How to prevent Splash sending its default headers i.e. 'Host'?

Posted almost 6 years ago by Umair Ayub

Post a topic

Un Answered

Umair Ayub

I had just deployed Splash (in Docker) like a month ago on my dedicated server.

I am trying to scrape [this site](https://www.businesswire.com/portal/site/home/news/subject/?vnsId=31333) with Scrapy Splash, but I get following error no matter how many time I try that url

`([scrapy.downloadermiddlewares.retry] DEBUG: Retrying <GET https://www.businesswire.com/portal/site/home/news/subject/?vnsId=31333 via http://localhost:8050/render.html> (failed 1 times): User timeout caused connection failure: Getting http://localhost:8050/render.html took longer than 80.0 seconds..)`

Meanwhile, same Splash server successfully scrapes every site I try.
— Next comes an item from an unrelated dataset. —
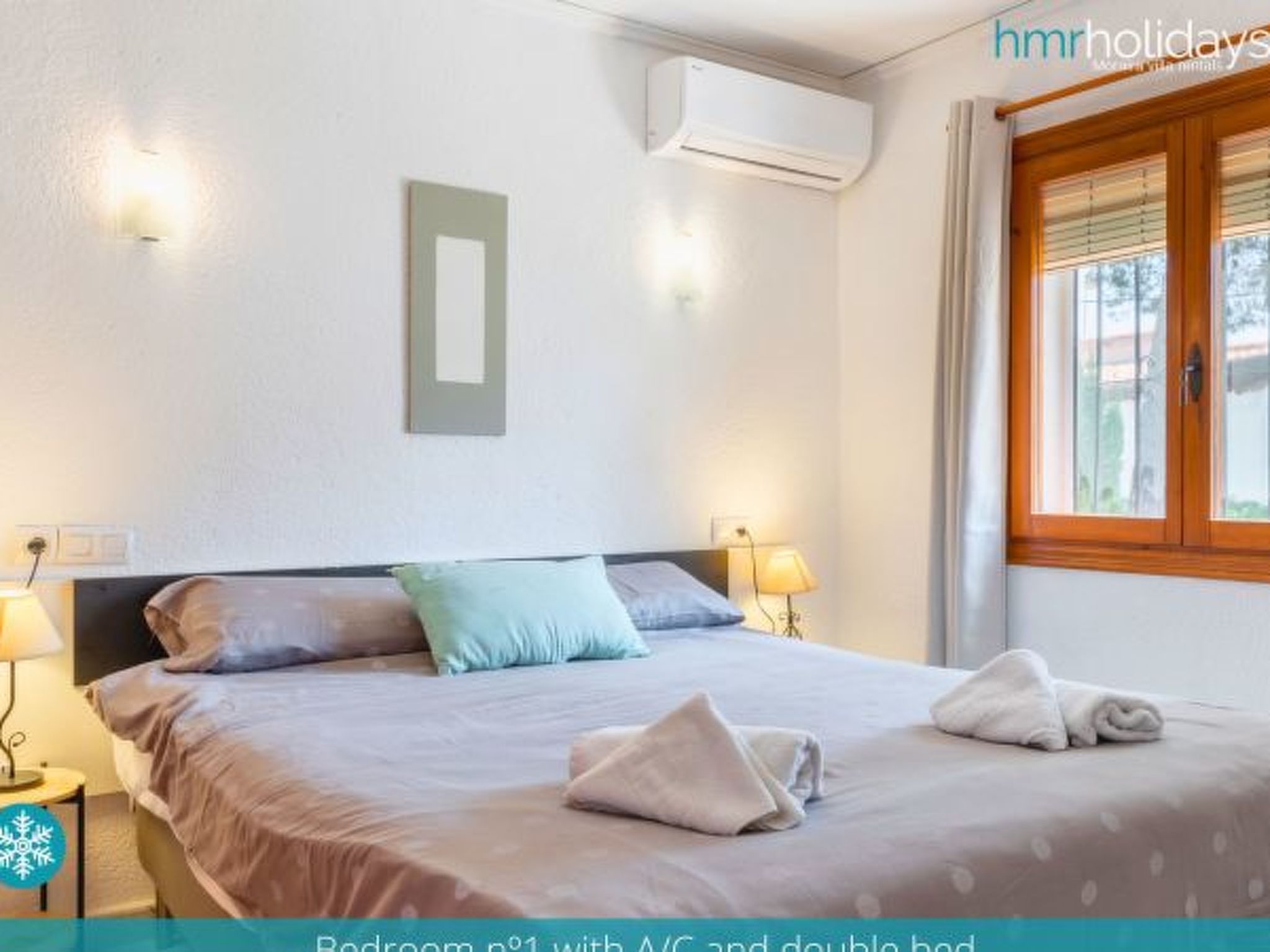 Photo of Villa Love Moraira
If I try to cURL or `scrapy.Request` the above url from my server, it works, the site does not block no matter how many times I scrape via cURL or `scrapy.Request`

Then I had idea to see if there are some headers Splash is sending, I debugged Splash request headers via http://httpbin.org/get and found out that it automatically adds few headers

So now I know that Splash is sending `"Host": "businesswire.com"` to the target site, which makes that website not scrape.

Question is, how do I make Splash not send any headers automatically? Or at least stop Splash from sending `Host` header?

0 Votes

0 Comments